Posts Tagged ‘erotic poetry’

Poems for Valentine’s Day #7

February 13, 2019

Warning: explicit content in this post

e e cummings: i like my body

i like my body when it is with your
body. It is so quite new a thing.
Muscles better and nerves more.
i like your body. i like what it does,
i like its hows. i like to feel the spine
of your body and its bones, and the trembling
-firm-smooth ness and which i will
again and again and again
kiss, i like kissing this and that of you,
i like, slowly stroking the, shocking fuzz
of your electric fur, and what-is-it comes
over parting flesh….And eyes big love-crumbs,

and possibly i like the thrill

of under me you so quite new

 

In my reading experience, erotic is difficult to do well: witness the Bad Sex Awards every year for toe-curling writing about sex. I happen to think e e cummings succeeds in this poem; you’ll either agree with me or not.

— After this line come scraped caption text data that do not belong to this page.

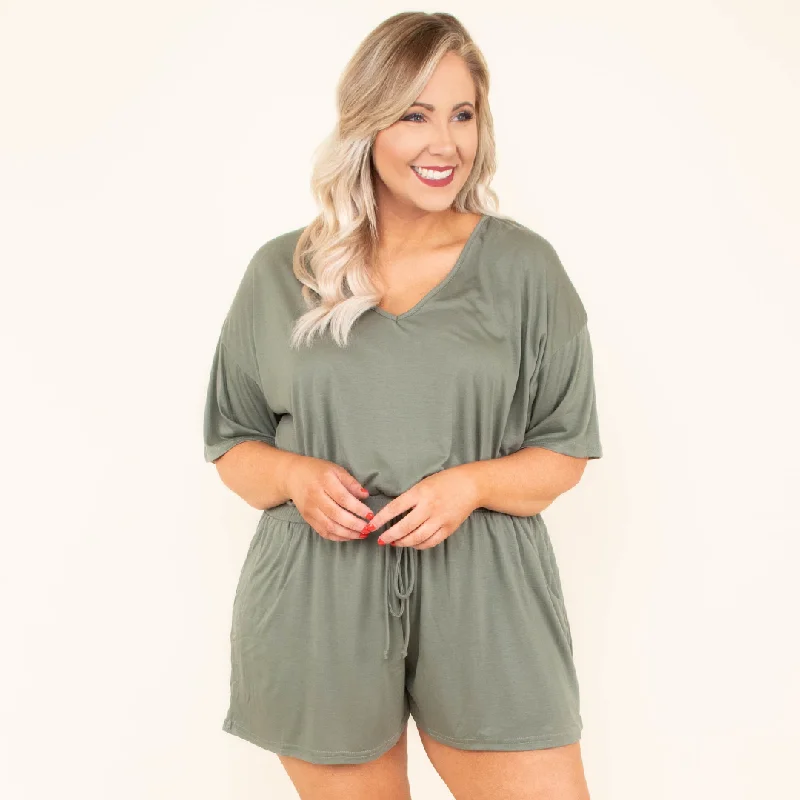 elegant maxi dressYour Number One Romper, Sage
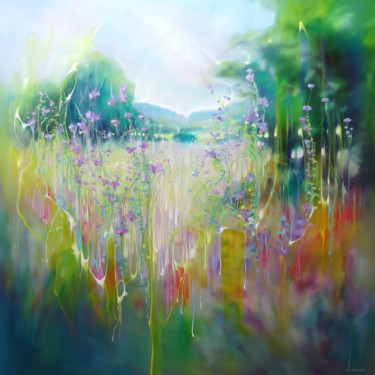 Peinture intitulée "Echo of an English…" par Gill Bustamante, Œuvre d'art originale, Huile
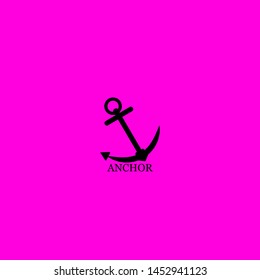 anchor icon sign signifier vector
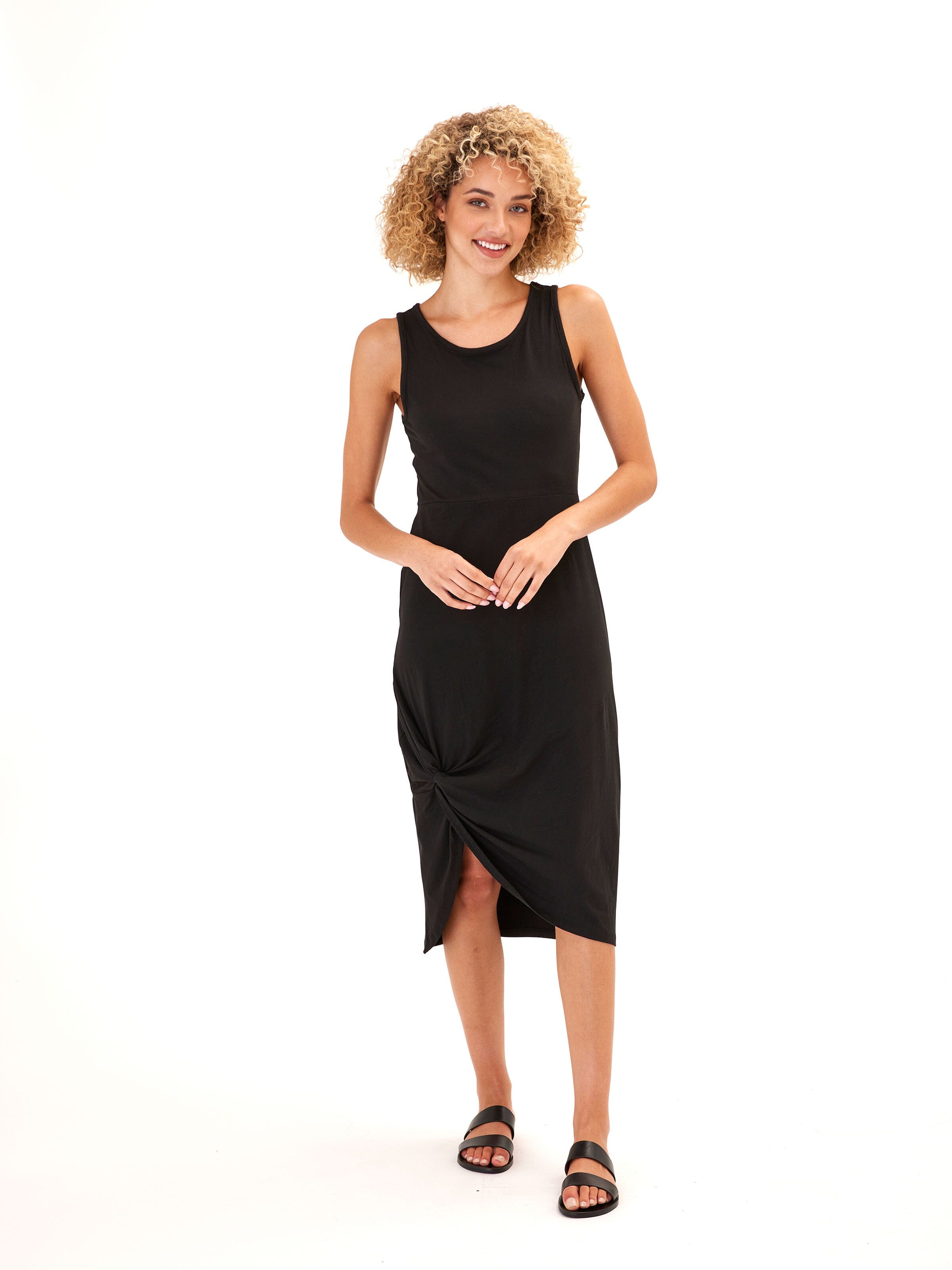 Lula Luxe Jersey Knotted Midi Dress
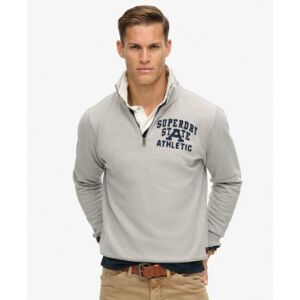 Superdry für Herren. M2014088A Vintage Athletic Pullover grau (S), Lässig, Baumwolle Superdry für Herren. M2014088A Vintage Athletic Pullover grau (S), Lässig, Baumwolle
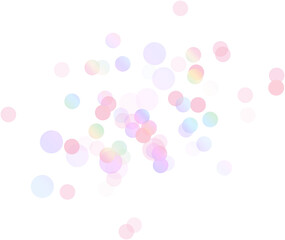 Pastel Rainbow Bokeh Photo Overlay, PNG Bokeh Clipart, Photo Effect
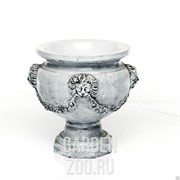 Вазон садовый для растений Львы под бетон диаметр 60см U07927-BT - фото 11746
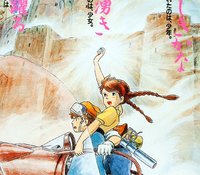 Castle in The Sky Anime Poster Framed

There is a certain childishness – in choice of vocabulary, as well as in phrasing – that works well, and is arresting, given that he’s clearly writing about an adult subject. The repetition of i like, for instance, and again and again and again.

Is the poem about the poet’s discovery of sexual pleasure per se, or the special pleasure with this partner? Reflecting, I think it is the way the words and ideas jar so often that I find particularly effective, particularly convincing: It is so quite new a thing… that so quite new is repeated in the final line of the poem, and it’s not the way one would phrase an idea in normal (?) English: we stop, or slow down and wonder, what exactly does he mean by this? Muscles better and nerves more what? i like its hows.

I have always considered that one of the things that mars attempts at erotic writing is over-explicitness: a certain amount needs to be said, but there has to be scope for the imagination to work, for our own fantasy to come into play. Perhaps this is why I have always found the sexual passages in D H Lawrence novels so unutterably creepy: he overdoes the description. So here, for example, the kissing this and that of you is rightly unspecific.

If you look carefully, the poem has fourteen lines, so it could be described as a (very informal) sonnet, that archetypal love poem form; Shakespearean perhaps, with the separate final two lines, although they aren’t a couplet… maybe that’s stretching it too far! But there is rhyme – your/ more, and part-rhyme – comes/ crumbs. And there is internal rhyme in the last line – you/ new, as well as the me/ you opposition. I particularly like the images of the shocking fuzz of your electric fur, and the eyes big love-crumbs.

I think e e cummings here is trying to convey the excitement of a new relationship, a new body being discovered, the pleasure in the unfamiliar. The lower case ‘i’, and absence of any capitalisation, is an e e cummings characteristic, as it were, and the ‘i’ here helps suggest a certain innocence, a total involvement in the pleasure of the moment to the exclusion of anything else.